=== Section Start ===
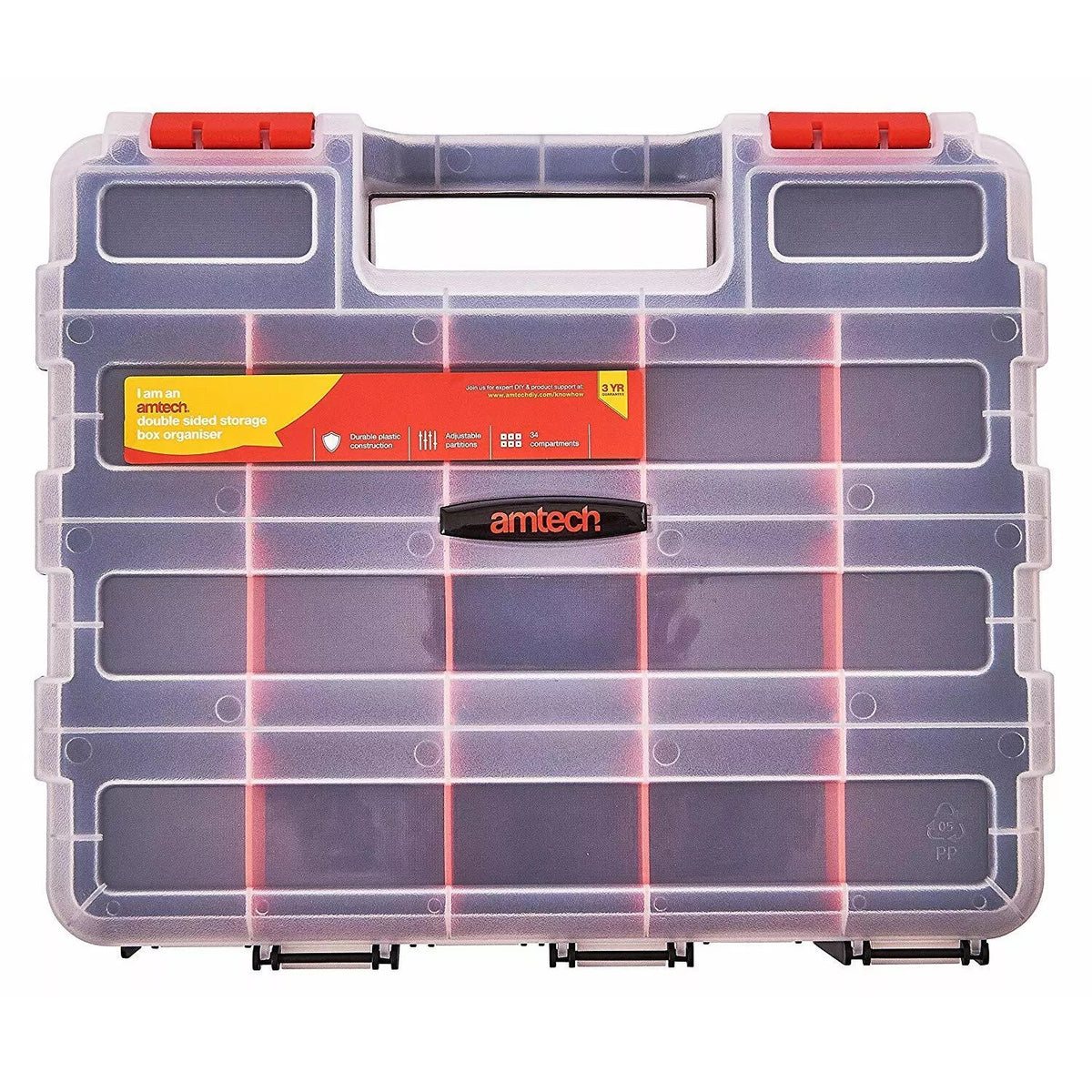 Amtech Double Sided Storage Box Organizer Multicoloured 8cm x 27cm x 32cm S6463 | Durable Plastic Construction | Adjustable Partitions | 34 Compartments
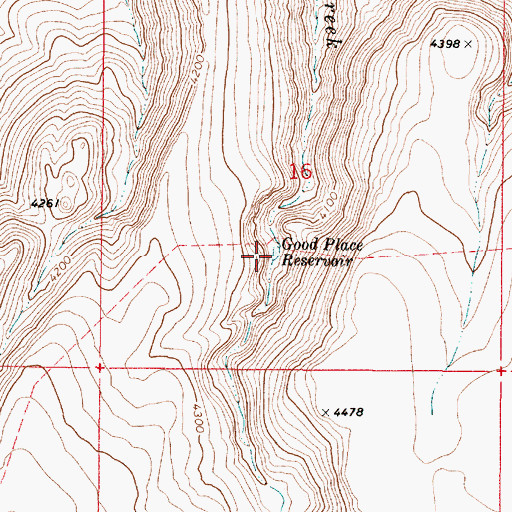 Topographic Map of Good Place Reservoir, OR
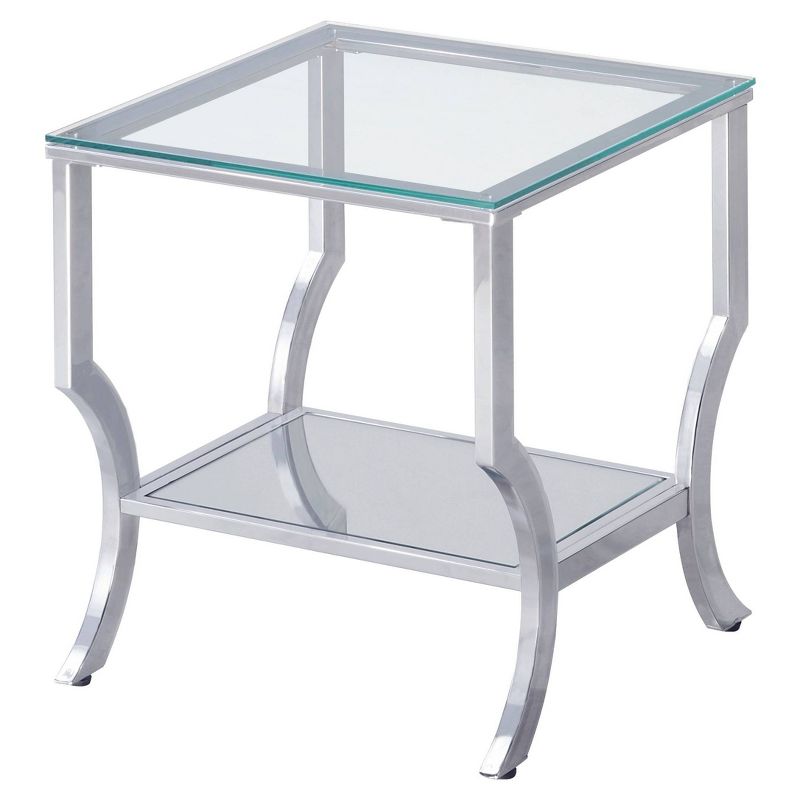 Saide End Table with Glass Top and Mirror Shelf Chrome - Coaster, 1 of 6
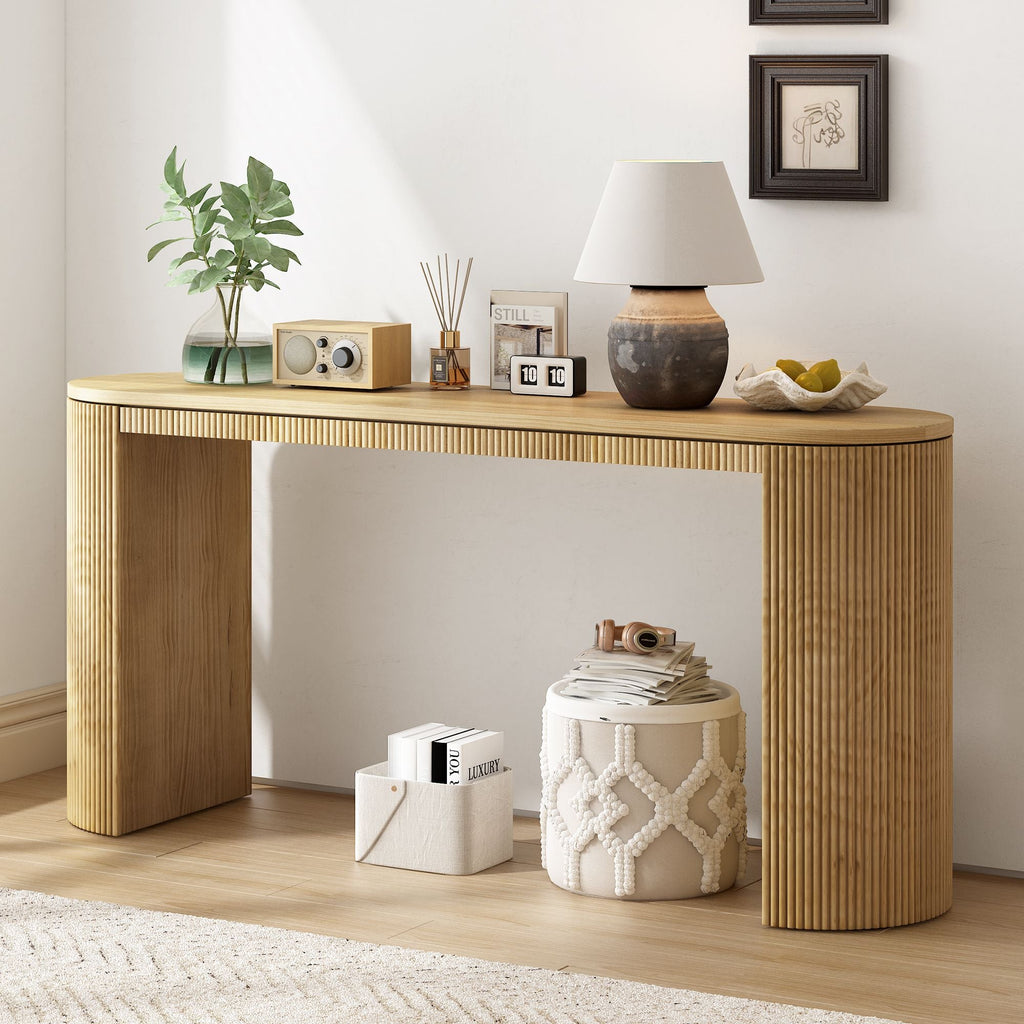 Curved Design Console Table with Unique Vertical Stripe Design ,Suitable for Living Room,Study and Entrance - Comfortable Living Decor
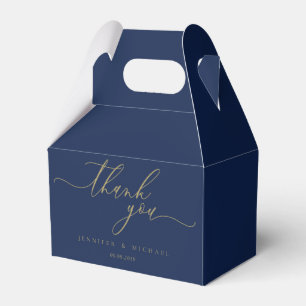 Navy und Gold Simple Scripting Vielen Dank Geschenkschachtel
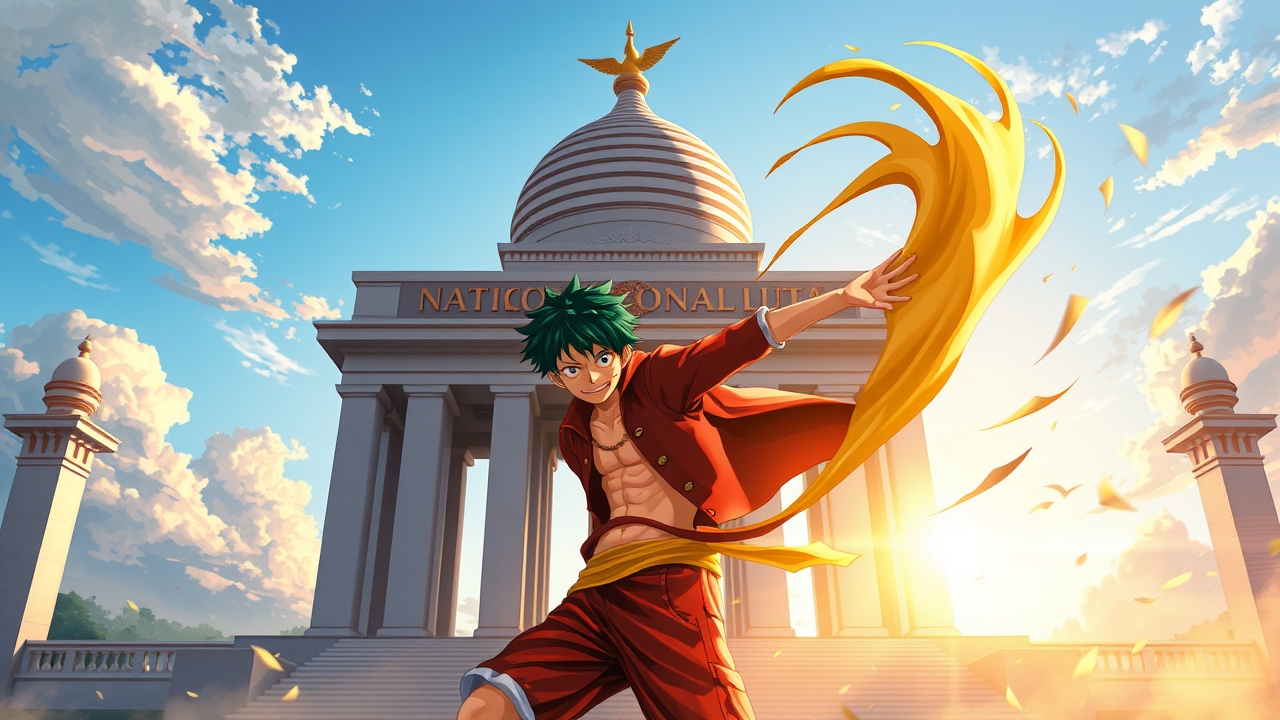 ## Persona
conceptual_designer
=== Section End ===
• **Task to carry out**:
Only the lines from the one containing "Curved Design Console" through the final line of the material should appear in the answer, copied exactly and without any picture.

• **Answer space**:
 Curved Design Console Table with Unique Vertical Stripe Design ,Suitable for Living Room,Study and Entrance - Comfortable Living Decor
 Navy und Gold Simple Scripting Vielen Dank Geschenkschachtel
 ## Persona
conceptual_designer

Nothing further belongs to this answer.